Councillors behaving badly - bans on at Parramatta

Pick the real tyrant

It was only a matter of time, really. Parramatta Council has never accepted the 1993 separation of powers between their role and the role of staff. It’s been more than two decades but, for a minority of the current council, they still don’t want to know.

Councillors have wandered through the building, demanding access to people, rifling through files, checking on or advocating for issues that should be recorded as a conflict of interest, bagging staff and generally behaving like, well, a 16th-century monarch pumped up with a divine right to rule.

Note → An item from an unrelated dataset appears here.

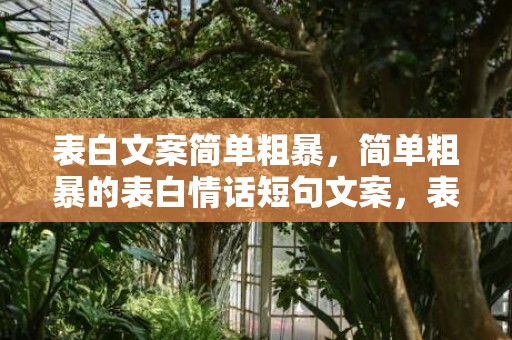 表白文案简单粗暴，简单粗暴的表白情话短句文案，表白的文案短句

When Councillor Garrard was Lord Mayor in 2009, one of the first things he did after election in September was to abolish Mufti Day for those commoners employed by the Council who he may need to summon to his Mayoral Chambers/Throne Room, without notice.  Couldn’t possibly turn up other than suited and tied and demonstrating a proper level of obsequiousness. And that they bow, just that little bit more deeply and worshipfully as well.

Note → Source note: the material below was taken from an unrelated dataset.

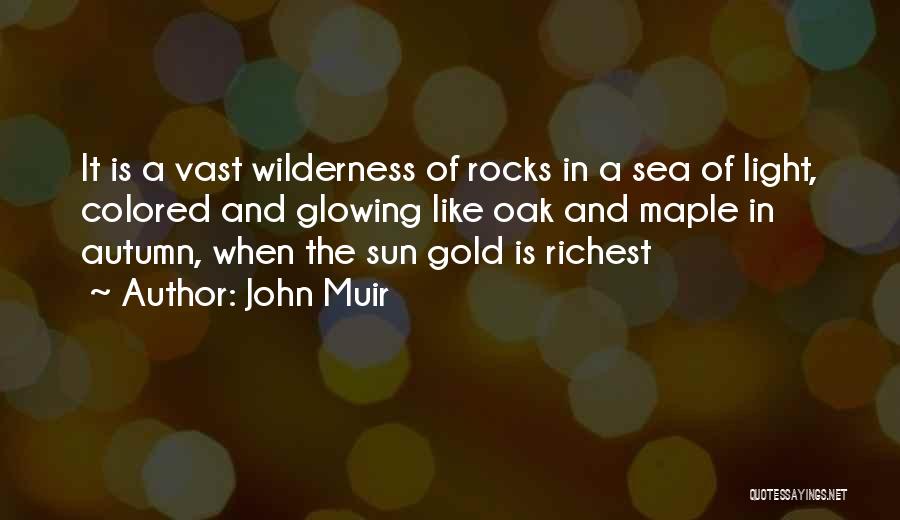 John Muir Quotes: It Is A Vast Wilderness Of Rocks In A Sea Of Light, Colored And Glowing Like Oak And Maple In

We stress, that the overwhelming majority of current councillors at Parramatta are respectful and supportive of staff and do the right thing. We are talking about four or five boofheads.

Parramatta was the first Council to have depa members place a ban on a councillor after he had bagged members in a public meeting in 2000. Enough, was clearly enough and something had to be done about this notorious and unacceptable behaviour. And the councillor subsequently apologised.

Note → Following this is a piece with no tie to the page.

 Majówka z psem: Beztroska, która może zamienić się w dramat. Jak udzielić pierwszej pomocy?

Members put bans on again in 2009 after councillors took an unseemly interest in planning decisions affecting businesses where sex was provided, or could be provided, on premises. They treated the planning staff with contempt and demanded a number of peer reviews (all of which came back supporting the Council’s own staff) and the settlement of that dispute included a commitment by the Council for some training to improve their understanding of the separation of responsibilities in the Local Government Act - training which we hope they didn’t spend too much money on, because clearly it didn’t work.

On 18 November, the recently reinstalled Lord Mayor Paul Garrard (he’s, baaaack!) demanded entry into a staff area. Councillors should not have security clearance to gain access to floors where staff work anyway and in the move to the new building, the Executive took the opportunity of starting with good governance and behaviour and recommended the councillors be provided with security access only to their own floor and where they legitimately had business.

But the councillors, so comfortable getting their own way whenever they want it, insisted on amending the recommendation to provide them with access to the foyers of employee-only areas.

And so on 18 November, Councillor Garrard, bedecked in chains (well, almost but not the sort of chains we’d like to see him in) knocked insistently on a glass door to the staff area until the door was answered. Then, ignoring the Council’s own policy on the interaction between staff and councillors he claimed that he had complied with the policy of providing prior notice, which he hadn’t, and that he was both invited to the meeting and expected - another porky because the only people who knew he was going to be there were the developers.

Let’s be clear, councillors have no role in a pre-lodgement meeting and historically at Parramatta are only there to intimidate and bully staff on behalf of the applicant or the developer.


So, our members met on 10 December and carried a long resolution noting the content and arrogance of a minority of councillors over the years and calling for a behavioural agreement to be signed individually by councillors with depa in which they undertake to comply with their obligations under the Local Government Act, the Code of Conduct, the Policy on Interaction Between Councillors and Staff and a recently adopted protocol for Councillor Interaction on Development Applications.

And the bans will remain on until such time as the councillors individually, and collectively agreed to comply with the legislative and policy obligations.